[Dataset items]
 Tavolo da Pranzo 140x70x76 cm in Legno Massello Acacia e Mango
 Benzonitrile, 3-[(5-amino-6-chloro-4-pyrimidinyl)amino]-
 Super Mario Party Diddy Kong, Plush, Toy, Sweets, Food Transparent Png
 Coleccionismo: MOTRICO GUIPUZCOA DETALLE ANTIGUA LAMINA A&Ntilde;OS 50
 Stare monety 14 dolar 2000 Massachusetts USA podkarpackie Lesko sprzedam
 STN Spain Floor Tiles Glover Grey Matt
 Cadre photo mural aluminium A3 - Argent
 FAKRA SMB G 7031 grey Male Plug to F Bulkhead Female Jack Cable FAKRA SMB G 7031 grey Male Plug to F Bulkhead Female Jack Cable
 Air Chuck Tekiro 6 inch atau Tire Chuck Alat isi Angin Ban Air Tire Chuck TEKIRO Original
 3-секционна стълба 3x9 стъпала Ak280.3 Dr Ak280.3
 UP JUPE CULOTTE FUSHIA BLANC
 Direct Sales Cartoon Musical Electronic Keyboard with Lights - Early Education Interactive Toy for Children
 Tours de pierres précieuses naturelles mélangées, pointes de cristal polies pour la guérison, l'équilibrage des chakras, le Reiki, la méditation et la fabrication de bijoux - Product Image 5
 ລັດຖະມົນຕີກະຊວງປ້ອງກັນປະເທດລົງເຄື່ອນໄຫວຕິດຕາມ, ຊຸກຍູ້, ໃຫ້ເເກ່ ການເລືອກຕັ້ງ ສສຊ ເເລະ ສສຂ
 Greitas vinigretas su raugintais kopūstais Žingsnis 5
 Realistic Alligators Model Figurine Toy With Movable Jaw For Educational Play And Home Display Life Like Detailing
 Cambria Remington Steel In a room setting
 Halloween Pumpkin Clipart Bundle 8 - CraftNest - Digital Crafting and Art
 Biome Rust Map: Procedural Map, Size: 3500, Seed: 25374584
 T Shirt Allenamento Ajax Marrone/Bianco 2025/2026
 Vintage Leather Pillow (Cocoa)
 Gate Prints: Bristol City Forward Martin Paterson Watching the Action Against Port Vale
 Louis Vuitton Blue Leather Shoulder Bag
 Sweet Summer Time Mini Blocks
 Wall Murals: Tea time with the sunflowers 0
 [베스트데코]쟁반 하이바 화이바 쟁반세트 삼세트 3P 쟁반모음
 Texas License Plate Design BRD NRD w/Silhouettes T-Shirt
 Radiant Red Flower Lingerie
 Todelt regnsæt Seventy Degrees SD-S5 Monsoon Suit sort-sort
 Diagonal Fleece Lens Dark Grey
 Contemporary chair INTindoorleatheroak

Task prompt: Copy out all the entries exactly once more.

Exercise answer:
 Tavolo da Pranzo 140x70x76 cm in Legno Massello Acacia e Mango
 Benzonitrile, 3-[(5-amino-6-chloro-4-pyrimidinyl)amino]-
 Super Mario Party Diddy Kong, Plush, Toy, Sweets, Food Transparent Png
 Coleccionismo: MOTRICO GUIPUZCOA DETALLE ANTIGUA LAMINA A&Ntilde;OS 50
 Stare monety 14 dolar 2000 Massachusetts USA podkarpackie Lesko sprzedam
 STN Spain Floor Tiles Glover Grey Matt
 Cadre photo mural aluminium A3 - Argent
 FAKRA SMB G 7031 grey Male Plug to F Bulkhead Female Jack Cable FAKRA SMB G 7031 grey Male Plug to F Bulkhead Female Jack Cable
 Air Chuck Tekiro 6 inch atau Tire Chuck Alat isi Angin Ban Air Tire Chuck TEKIRO Original
 3-секционна стълба 3x9 стъпала Ak280.3 Dr Ak280.3
 UP JUPE CULOTTE FUSHIA BLANC
 Direct Sales Cartoon Musical Electronic Keyboard with Lights - Early Education Interactive Toy for Children
 Tours de pierres précieuses naturelles mélangées, pointes de cristal polies pour la guérison, l'équilibrage des chakras, le Reiki, la méditation et la fabrication de bijoux - Product Image 5
 ລັດຖະມົນຕີກະຊວງປ້ອງກັນປະເທດລົງເຄື່ອນໄຫວຕິດຕາມ, ຊຸກຍູ້, ໃຫ້ເເກ່ ການເລືອກຕັ້ງ ສສຊ ເເລະ ສສຂ
 Greitas vinigretas su raugintais kopūstais Žingsnis 5
 Realistic Alligators Model Figurine Toy With Movable Jaw For Educational Play And Home Display Life Like Detailing
 Cambria Remington Steel In a room setting
 Halloween Pumpkin Clipart Bundle 8 - CraftNest - Digital Crafting and Art
 Biome Rust Map: Procedural Map, Size: 3500, Seed: 25374584
 T Shirt Allenamento Ajax Marrone/Bianco 2025/2026
 Vintage Leather Pillow (Cocoa)
 Gate Prints: Bristol City Forward Martin Paterson Watching the Action Against Port Vale
 Louis Vuitton Blue Leather Shoulder Bag
 Sweet Summer Time Mini Blocks
 Wall Murals: Tea time with the sunflowers 0
 [베스트데코]쟁반 하이바 화이바 쟁반세트 삼세트 3P 쟁반모음
 Texas License Plate Design BRD NRD w/Silhouettes T-Shirt
 Radiant Red Flower Lingerie
 Todelt regnsæt Seventy Degrees SD-S5 Monsoon Suit sort-sort
 Diagonal Fleece Lens Dark Grey
 Contemporary chair INTindoorleatheroak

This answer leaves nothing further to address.